MATERIAL FOR THIS EXERCISE =>
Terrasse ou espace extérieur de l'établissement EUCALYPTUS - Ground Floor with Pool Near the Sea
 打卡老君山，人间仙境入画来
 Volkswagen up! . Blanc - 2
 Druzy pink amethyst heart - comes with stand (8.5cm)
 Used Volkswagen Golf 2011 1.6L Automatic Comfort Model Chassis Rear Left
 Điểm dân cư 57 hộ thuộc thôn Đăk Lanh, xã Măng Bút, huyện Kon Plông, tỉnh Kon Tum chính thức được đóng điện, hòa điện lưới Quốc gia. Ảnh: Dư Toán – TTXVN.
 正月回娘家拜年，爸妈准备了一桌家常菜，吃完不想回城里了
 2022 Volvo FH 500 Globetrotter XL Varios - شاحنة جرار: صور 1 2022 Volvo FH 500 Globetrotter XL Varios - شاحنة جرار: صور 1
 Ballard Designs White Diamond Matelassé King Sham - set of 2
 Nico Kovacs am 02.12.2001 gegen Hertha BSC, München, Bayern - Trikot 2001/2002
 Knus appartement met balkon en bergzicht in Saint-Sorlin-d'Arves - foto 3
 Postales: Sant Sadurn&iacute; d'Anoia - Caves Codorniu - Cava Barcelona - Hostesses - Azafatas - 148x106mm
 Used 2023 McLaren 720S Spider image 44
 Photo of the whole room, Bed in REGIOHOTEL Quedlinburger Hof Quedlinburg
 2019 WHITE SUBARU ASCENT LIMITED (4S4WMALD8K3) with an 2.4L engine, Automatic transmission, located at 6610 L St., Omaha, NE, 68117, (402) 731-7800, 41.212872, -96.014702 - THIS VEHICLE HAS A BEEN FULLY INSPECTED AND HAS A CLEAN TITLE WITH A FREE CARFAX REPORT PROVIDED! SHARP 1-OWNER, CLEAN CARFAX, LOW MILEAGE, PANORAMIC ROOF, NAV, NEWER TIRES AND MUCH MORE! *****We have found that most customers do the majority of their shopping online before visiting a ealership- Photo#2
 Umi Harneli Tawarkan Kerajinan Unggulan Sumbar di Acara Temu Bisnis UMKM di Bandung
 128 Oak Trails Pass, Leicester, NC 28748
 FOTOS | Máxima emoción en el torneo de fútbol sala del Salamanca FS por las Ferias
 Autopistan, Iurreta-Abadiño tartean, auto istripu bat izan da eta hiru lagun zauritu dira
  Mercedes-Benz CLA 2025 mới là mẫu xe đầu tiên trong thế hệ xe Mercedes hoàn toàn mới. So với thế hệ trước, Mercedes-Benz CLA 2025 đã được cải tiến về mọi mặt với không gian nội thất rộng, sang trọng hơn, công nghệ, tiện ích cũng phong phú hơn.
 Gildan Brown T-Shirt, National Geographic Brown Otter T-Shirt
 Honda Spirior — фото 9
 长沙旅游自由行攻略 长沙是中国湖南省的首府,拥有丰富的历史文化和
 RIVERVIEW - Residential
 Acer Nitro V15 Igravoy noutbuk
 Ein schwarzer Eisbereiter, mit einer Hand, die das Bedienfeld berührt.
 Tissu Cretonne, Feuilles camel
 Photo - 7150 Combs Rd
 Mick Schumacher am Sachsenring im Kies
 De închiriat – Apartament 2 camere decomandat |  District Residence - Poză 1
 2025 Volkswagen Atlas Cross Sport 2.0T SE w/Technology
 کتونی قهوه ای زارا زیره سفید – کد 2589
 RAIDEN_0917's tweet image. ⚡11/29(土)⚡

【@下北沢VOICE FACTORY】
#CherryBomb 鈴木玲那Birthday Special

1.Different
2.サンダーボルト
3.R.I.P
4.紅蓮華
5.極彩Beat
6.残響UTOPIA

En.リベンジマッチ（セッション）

ASSIGNMENT => Copy out every line of the data where the word "Automatic" occurs.

TASK RESULT =>
 Used Volkswagen Golf 2011 1.6L Automatic Comfort Model Chassis Rear Left
 2019 WHITE SUBARU ASCENT LIMITED (4S4WMALD8K3) with an 2.4L engine, Automatic transmission, located at 6610 L St., Omaha, NE, 68117, (402) 731-7800, 41.212872, -96.014702 - THIS VEHICLE HAS A BEEN FULLY INSPECTED AND HAS A CLEAN TITLE WITH A FREE CARFAX REPORT PROVIDED! SHARP 1-OWNER, CLEAN CARFAX, LOW MILEAGE, PANORAMIC ROOF, NAV, NEWER TIRES AND MUCH MORE! *****We have found that most customers do the majority of their shopping online before visiting a ealership- Photo#2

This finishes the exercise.